WHAT IS BEING ASKED >> From the entries below, return every line that includes the word "Leather".

LISTED ENTRIES >>
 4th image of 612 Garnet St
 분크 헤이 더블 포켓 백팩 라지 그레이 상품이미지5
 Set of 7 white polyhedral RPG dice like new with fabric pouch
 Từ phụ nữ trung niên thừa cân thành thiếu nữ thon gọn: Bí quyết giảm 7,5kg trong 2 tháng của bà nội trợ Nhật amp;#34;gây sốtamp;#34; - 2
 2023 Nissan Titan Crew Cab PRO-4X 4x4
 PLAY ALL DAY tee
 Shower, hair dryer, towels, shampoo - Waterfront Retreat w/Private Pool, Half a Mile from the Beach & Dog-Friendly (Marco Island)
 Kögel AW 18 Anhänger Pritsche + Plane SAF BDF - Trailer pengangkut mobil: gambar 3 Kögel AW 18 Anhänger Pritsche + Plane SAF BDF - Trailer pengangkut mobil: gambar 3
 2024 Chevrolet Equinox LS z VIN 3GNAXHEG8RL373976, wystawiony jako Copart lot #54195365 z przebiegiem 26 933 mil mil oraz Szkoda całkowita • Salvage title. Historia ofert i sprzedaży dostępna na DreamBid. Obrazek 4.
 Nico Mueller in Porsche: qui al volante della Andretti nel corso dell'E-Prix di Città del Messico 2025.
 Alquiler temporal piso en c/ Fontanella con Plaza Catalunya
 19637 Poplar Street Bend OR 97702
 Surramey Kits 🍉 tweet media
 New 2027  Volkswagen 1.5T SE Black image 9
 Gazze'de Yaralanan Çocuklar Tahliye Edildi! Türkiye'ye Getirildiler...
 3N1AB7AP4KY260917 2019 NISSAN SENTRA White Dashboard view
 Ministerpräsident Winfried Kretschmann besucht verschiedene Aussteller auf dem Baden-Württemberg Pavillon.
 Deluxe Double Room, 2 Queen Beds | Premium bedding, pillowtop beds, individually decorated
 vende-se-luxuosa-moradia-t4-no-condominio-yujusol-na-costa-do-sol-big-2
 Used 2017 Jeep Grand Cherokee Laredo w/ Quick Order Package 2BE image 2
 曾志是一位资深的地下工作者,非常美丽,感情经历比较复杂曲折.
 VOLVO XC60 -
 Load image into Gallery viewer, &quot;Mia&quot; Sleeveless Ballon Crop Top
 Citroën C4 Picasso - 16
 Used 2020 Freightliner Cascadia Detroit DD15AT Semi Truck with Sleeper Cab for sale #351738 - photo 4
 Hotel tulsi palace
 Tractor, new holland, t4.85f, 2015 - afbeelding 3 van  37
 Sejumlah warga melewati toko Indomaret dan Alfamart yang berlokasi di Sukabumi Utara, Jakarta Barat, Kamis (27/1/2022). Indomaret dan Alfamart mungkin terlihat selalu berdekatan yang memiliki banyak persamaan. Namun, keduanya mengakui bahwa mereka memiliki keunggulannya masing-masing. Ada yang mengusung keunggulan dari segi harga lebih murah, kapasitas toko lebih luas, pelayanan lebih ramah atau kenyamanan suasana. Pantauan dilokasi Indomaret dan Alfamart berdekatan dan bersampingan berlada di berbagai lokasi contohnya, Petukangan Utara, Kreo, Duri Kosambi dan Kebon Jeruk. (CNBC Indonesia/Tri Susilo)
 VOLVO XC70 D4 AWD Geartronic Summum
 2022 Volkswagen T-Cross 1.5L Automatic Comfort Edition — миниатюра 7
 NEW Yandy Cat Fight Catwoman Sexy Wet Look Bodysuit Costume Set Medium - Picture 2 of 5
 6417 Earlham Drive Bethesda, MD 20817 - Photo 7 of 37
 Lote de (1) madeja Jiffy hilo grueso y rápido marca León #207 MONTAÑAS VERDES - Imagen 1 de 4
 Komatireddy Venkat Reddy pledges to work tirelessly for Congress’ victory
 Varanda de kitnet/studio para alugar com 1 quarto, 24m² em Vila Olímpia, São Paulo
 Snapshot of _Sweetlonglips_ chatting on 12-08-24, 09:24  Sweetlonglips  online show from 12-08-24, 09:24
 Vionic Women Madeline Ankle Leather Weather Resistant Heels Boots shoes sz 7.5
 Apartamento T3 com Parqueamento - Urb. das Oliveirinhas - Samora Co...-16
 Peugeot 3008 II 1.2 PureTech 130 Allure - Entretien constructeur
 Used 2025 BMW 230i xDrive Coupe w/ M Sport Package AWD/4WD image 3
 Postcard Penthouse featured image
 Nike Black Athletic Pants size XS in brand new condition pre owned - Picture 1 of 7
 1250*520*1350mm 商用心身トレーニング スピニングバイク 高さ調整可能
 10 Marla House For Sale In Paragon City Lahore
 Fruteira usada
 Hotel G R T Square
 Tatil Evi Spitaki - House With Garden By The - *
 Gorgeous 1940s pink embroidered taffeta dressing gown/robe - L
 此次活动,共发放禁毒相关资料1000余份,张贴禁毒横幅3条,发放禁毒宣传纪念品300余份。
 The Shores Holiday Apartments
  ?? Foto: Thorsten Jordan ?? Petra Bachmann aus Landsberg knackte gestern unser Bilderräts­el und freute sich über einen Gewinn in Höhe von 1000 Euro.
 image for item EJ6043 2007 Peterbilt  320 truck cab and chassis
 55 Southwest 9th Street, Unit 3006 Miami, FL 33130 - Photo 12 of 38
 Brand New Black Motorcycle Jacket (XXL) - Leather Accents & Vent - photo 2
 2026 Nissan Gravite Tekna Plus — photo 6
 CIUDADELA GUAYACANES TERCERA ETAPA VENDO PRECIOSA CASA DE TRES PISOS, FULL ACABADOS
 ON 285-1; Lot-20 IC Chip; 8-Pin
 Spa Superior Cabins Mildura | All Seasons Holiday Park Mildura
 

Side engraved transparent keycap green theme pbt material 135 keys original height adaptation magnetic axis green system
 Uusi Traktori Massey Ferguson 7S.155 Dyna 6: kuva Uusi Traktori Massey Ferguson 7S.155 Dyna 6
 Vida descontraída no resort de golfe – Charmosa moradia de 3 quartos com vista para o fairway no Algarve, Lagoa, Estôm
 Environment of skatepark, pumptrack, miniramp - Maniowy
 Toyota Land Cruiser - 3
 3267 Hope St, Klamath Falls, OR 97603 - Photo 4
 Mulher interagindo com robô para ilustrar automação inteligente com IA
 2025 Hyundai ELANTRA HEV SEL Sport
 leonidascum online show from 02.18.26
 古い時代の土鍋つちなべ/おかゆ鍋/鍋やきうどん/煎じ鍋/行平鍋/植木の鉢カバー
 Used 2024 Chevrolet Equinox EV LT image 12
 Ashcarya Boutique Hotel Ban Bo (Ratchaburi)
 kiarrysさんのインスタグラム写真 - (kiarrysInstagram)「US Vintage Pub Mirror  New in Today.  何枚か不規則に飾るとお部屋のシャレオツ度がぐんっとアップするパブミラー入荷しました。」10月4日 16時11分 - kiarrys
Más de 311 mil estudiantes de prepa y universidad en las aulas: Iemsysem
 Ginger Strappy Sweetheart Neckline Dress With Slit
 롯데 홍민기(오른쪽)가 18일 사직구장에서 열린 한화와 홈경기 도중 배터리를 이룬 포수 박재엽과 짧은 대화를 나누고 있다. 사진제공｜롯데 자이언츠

EXPECTED ANSWER >>
 Vionic Women Madeline Ankle Leather Weather Resistant Heels Boots shoes sz 7.5
 Brand New Black Motorcycle Jacket (XXL) - Leather Accents & Vent - photo 2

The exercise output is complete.